ELKI, the data mining framework I use for all my research, is coming along nicely, and will see continued progress in 2013. The next release is scheduled for SIGMOD 2013, where we will be presenting the novel 3D parallel coordinates visualization we recently developed. This release will bear the version number 0.6.0.

Version 0.5.5 of ELKI is in Debian unstable since december (Version 0.5.0 will be in the next stable release) and Ubuntu raring. The packaged installation can share the dependencies with other Debian packages, so they are smaller than the download from the ELKI web site.

If you are developing cluster analysis or outlier detection algorithm, I would love to see them contributed to ELKI. If I get a clean and well-integrated code by mid june, your algorithm could be included in the next release, too. Publishing your algorithms in source code in a larger framework such as ELKI will often give you more citations. Because it is easier to compare with your algorithm then and to try it on new problems. And, well, citations counts are a measure that administration loves to judge researchers …

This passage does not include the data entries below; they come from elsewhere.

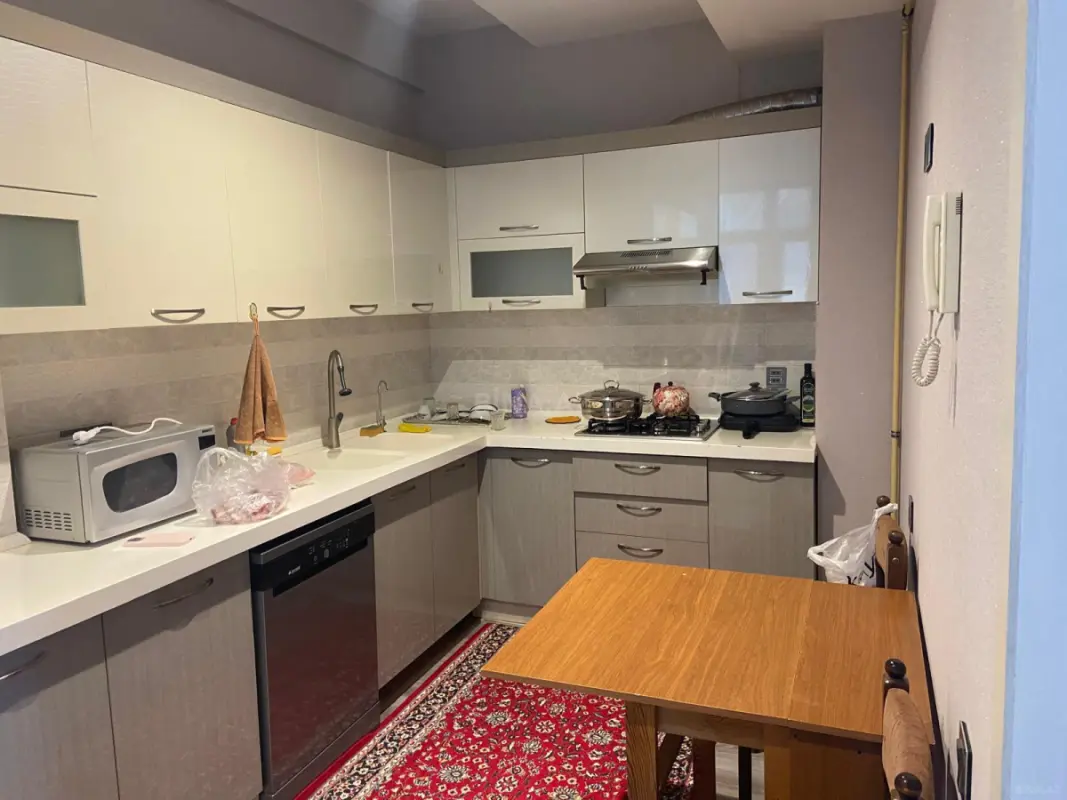 Satılır 4 otaqlı mənzil 142 m²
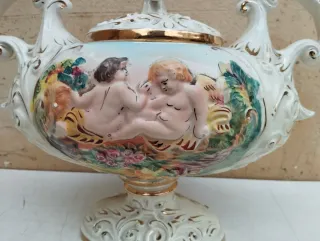 Antico centrotavola ceramica Capodimonte con putti
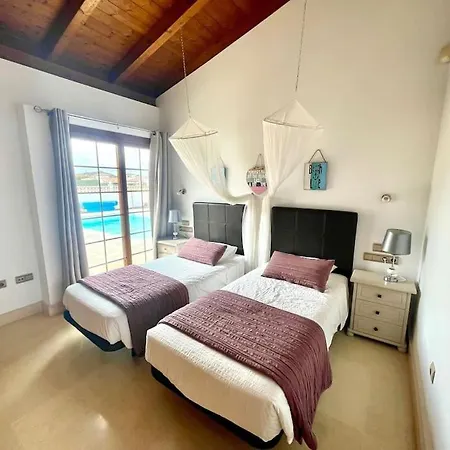 Stunning Villa Amanecer Corralejo Exterior photo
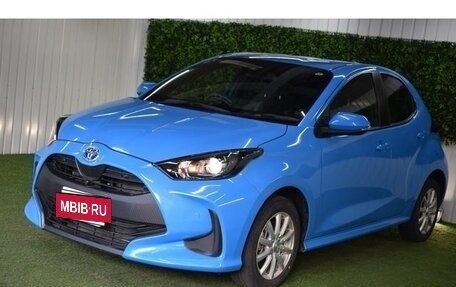 Toyota Yaris, 2023 год, 1 279 000 рублей, 6 фотография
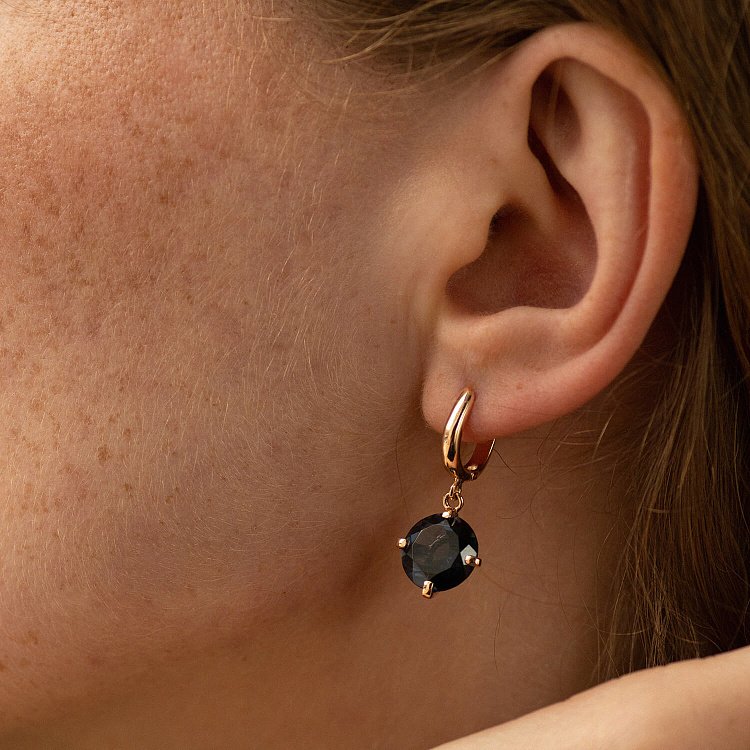 Золотые серьги "Влечение" с синт. топазом с08573 от ювелирного магазина Оникс - 1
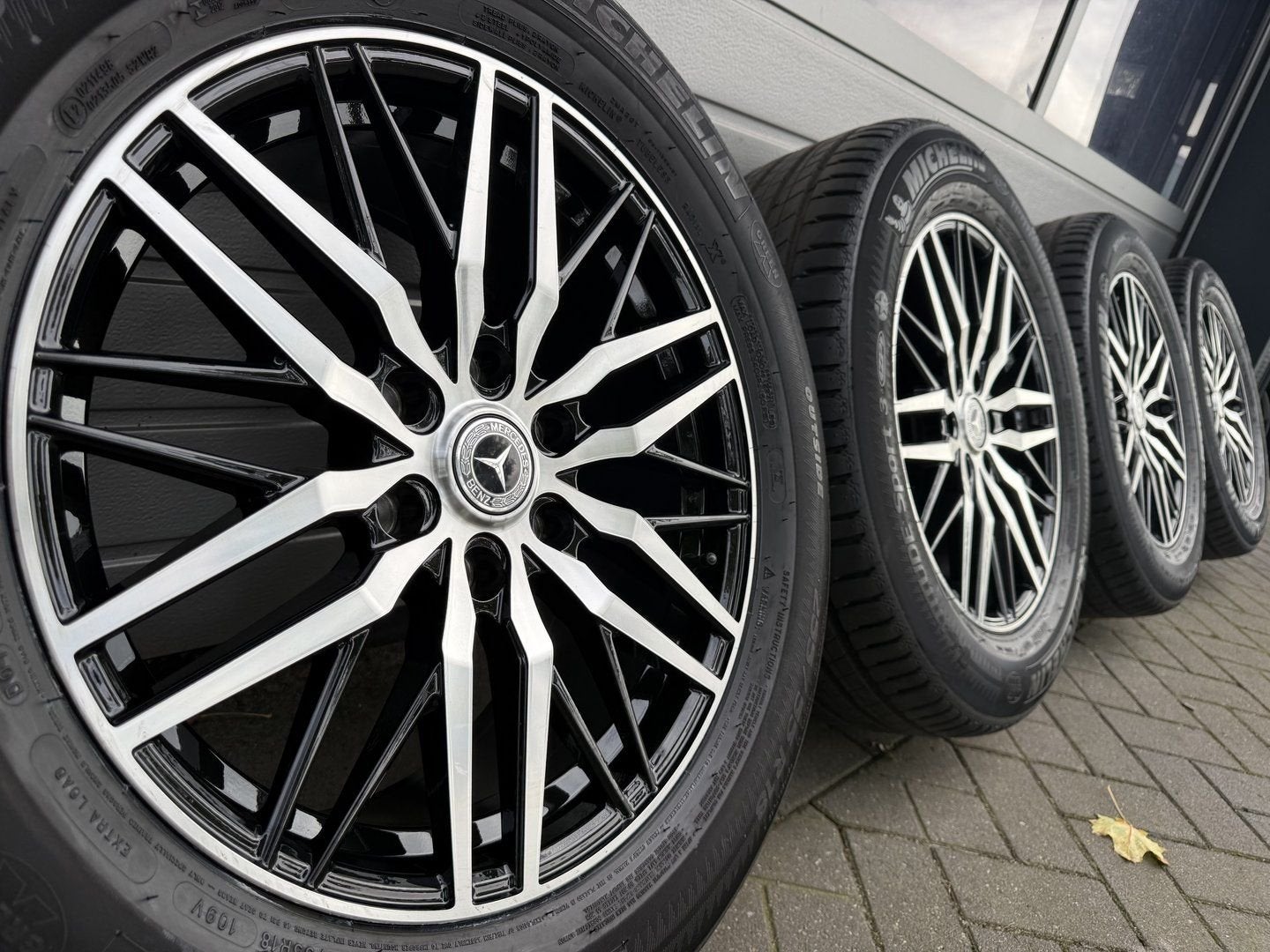 18 Mercedes Sprinter W907 W906 W910 E-sprinter velgen banden, Auto-onderdelen, 18 inch, Bestelwagen, 255 mm, -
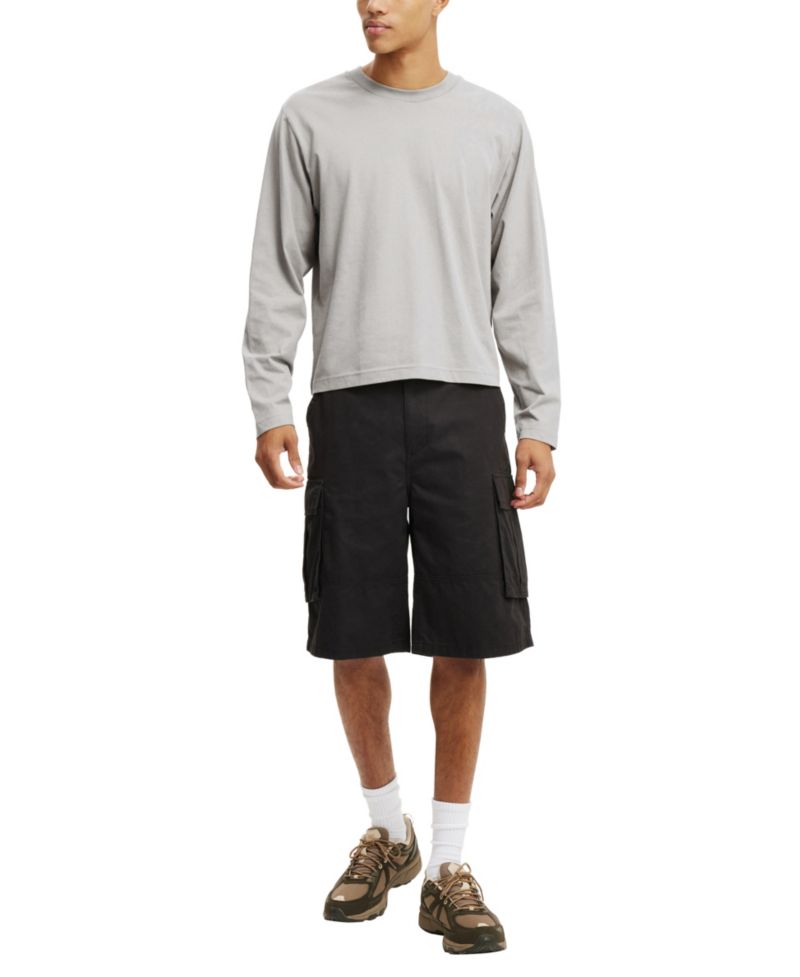 Men's Cropped Fit Long Sleeve T-Shirt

So what else is happening with ELKI:

  • The new book “Outlier Analysis” by C. C. Aggarwal mentions ELKI for visual evaluation of outlier results as well as in the “Resources for the Practioner” section and cites around 10 publications closely related to ELKI.
  • Some classes for color feature extraction of ELKI have been contributed to jFeatureLib, a Java library for feature detection in image data.
  • I’d love to participate in the Google Summer of Code, but I need a contact at Google to “vouch” for the project, otherwise it is hard to get in. I’ve been sending a couple of emails, but so far have not heard back much yet.
  • As the performance of SVG/Batik is not too good, I’d like to see more OpenGL based visualizations. This could also lead to an Android based version for use on tablets.
  • As I’m not an UI guy, I would love to have someone make a fancier UI that still exposes all the rich functions we have. The current UI is essentially an automatically generated command line builder - which is nice, as new functionality shows up without the need to modify UI code. It’s good for experienced users like me, but hard for beginners to get started.
  • I’d love to see integration of ELKI with e.g. OpenRefine / Google Refine to make it easier to do appropriate data cleaning and preprocessing
  • There is work underway for a distributed version running on Hadoop/YARN.